- Try it -
The answer is to be the lines below that lie between the line holding "New Balance Boys" and the line holding "Camiseta 13 Birthday", inclusive, transcribed exactly and free of pictures.

- Source material -
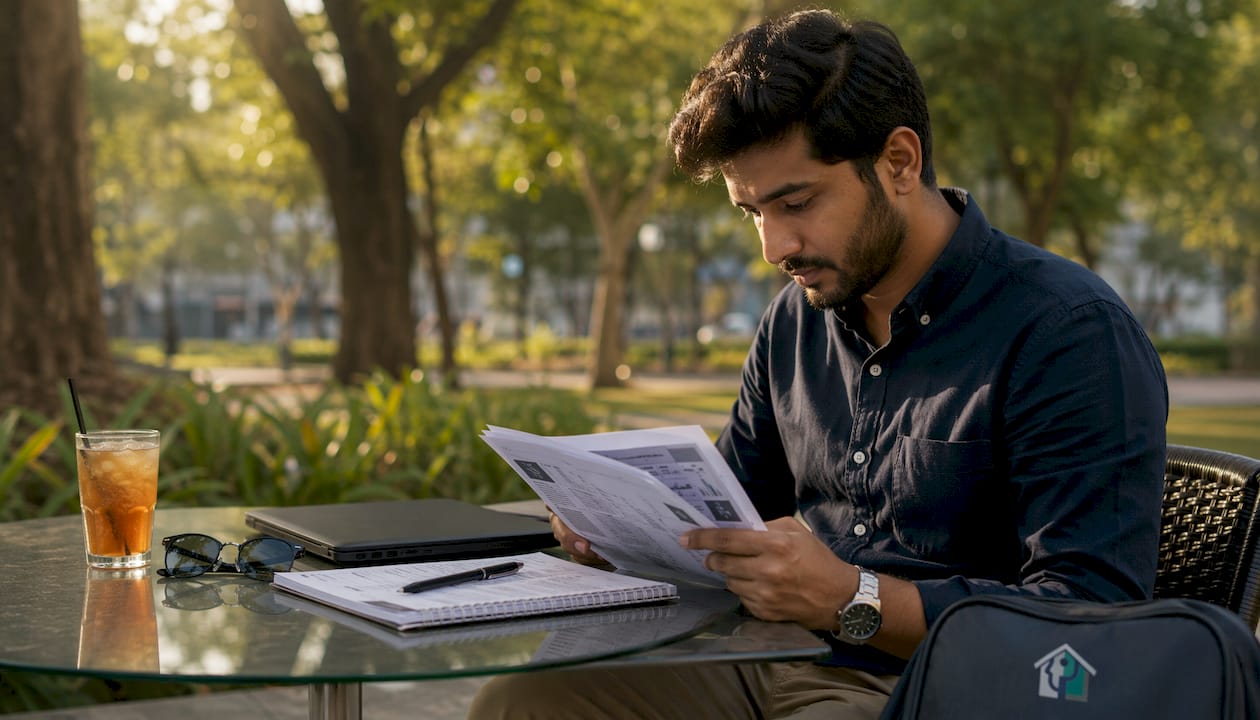 Side profile of man using laptop at cafe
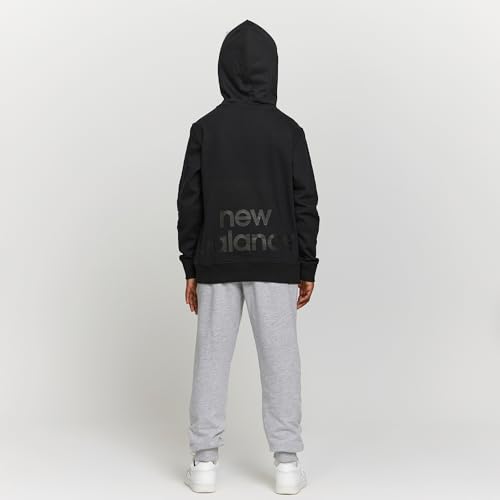 New Balance Boys Graphic Hoodie – Premium Comfy Cotton Blended Fleece Pullover Sweatshirt for Kids, Sizes 4-203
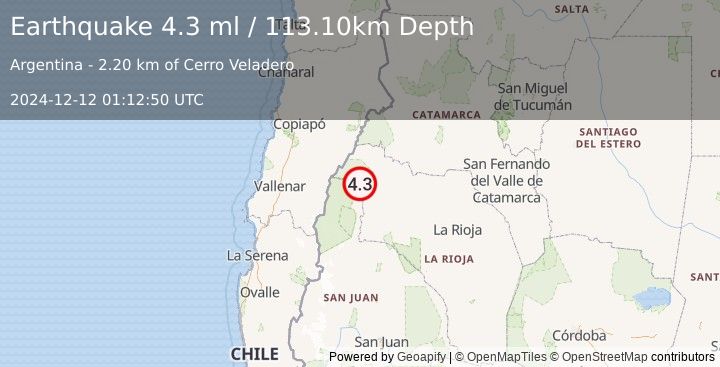 Earthquake LA RIOJA, ARGENTINA (4.3 ml) (2024-12-12 01:12:50 UTC)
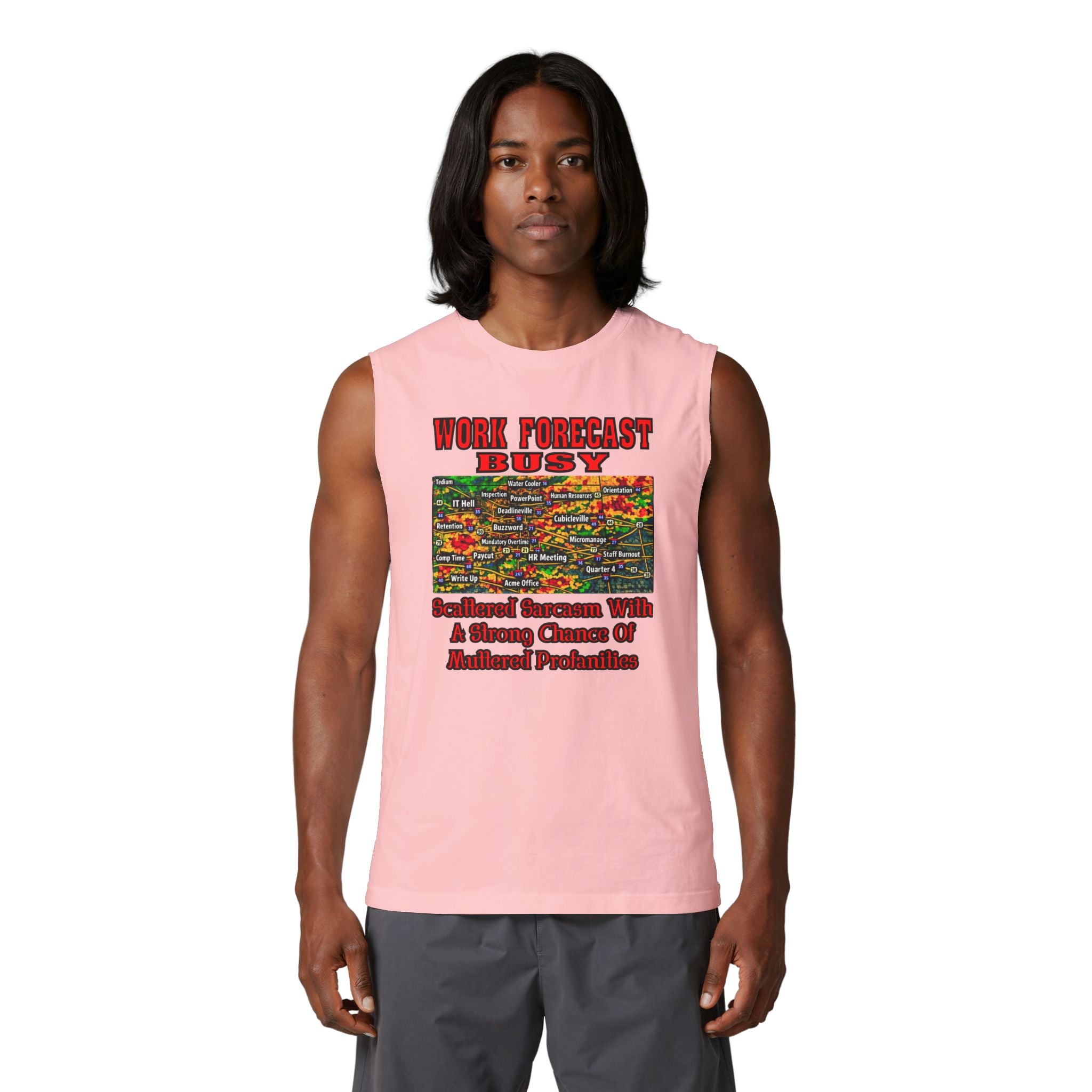 Busy Work Forecast Muscle Tank — 'Work Forecast: Busy' Humorous Office Tank Top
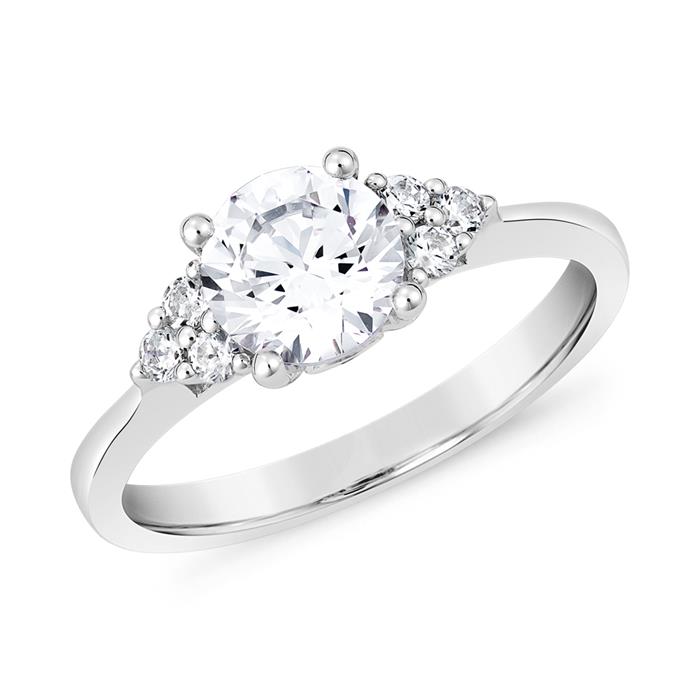 White gold or platinum engagement ring with diamonds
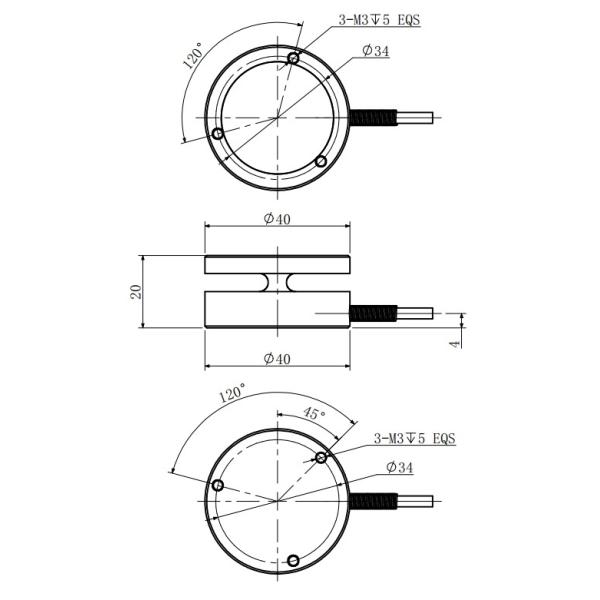 миниатюрное датчик датчика 0,1% силы 10-1000kg пьезоэлектрический для измерения силы
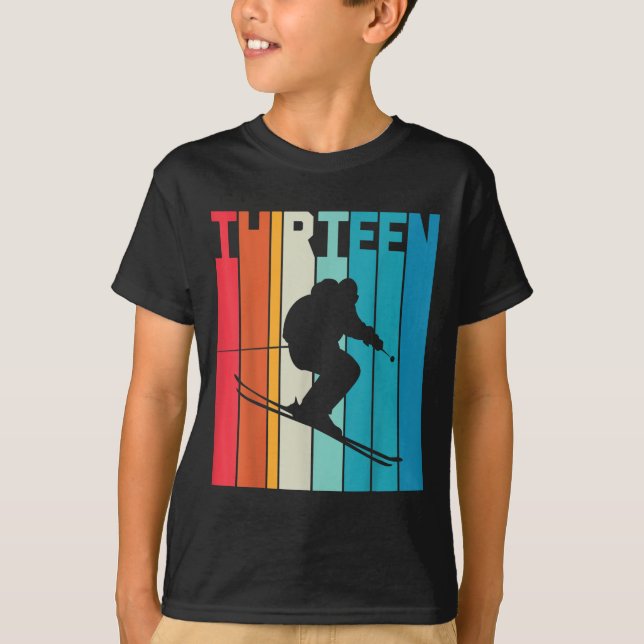 Camiseta 13 Birthday Boy Retro Ski Lover Skier 13 Anos O (Frente)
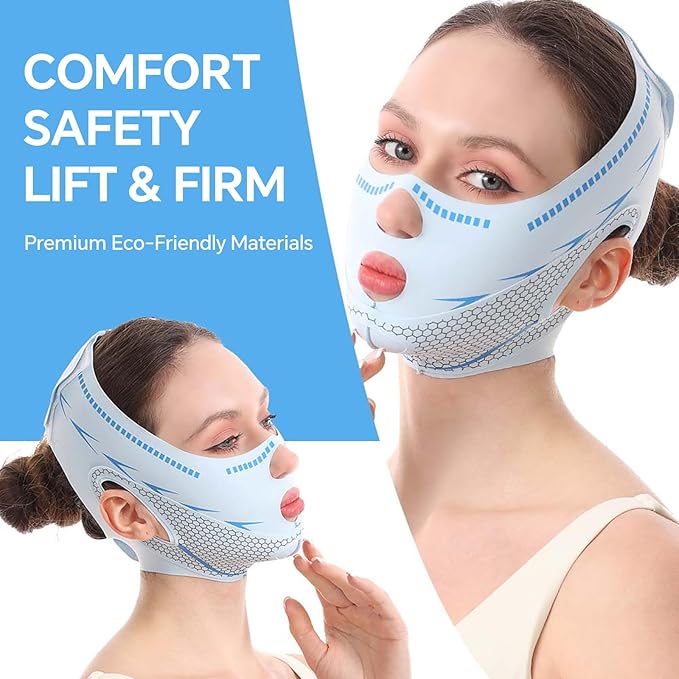 Line Lifting Mask Chin Strap for Sleeping, V Line Mask, Face Lift Prevent Sagging,Double Chin Reducer,Jawline Shaper,All-Around Coverage, Wrapping and Shaping More Comprehensively.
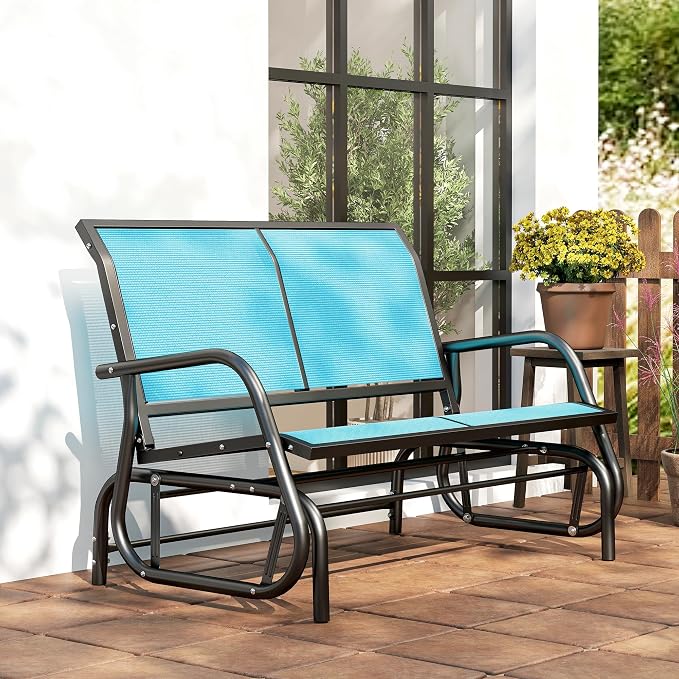 Outsunny 2-Person Outdoor Glider Bench, Patio Double Swing Rocking Chair - Image 9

- Solution -
 New Balance Boys Graphic Hoodie – Premium Comfy Cotton Blended Fleece Pullover Sweatshirt for Kids, Sizes 4-203
 Earthquake LA RIOJA, ARGENTINA (4.3 ml) (2024-12-12 01:12:50 UTC)
 Busy Work Forecast Muscle Tank — 'Work Forecast: Busy' Humorous Office Tank Top
 White gold or platinum engagement ring with diamonds
 миниатюрное датчик датчика 0,1% силы 10-1000kg пьезоэлектрический для измерения силы
 Camiseta 13 Birthday Boy Retro Ski Lover Skier 13 Anos O (Frente)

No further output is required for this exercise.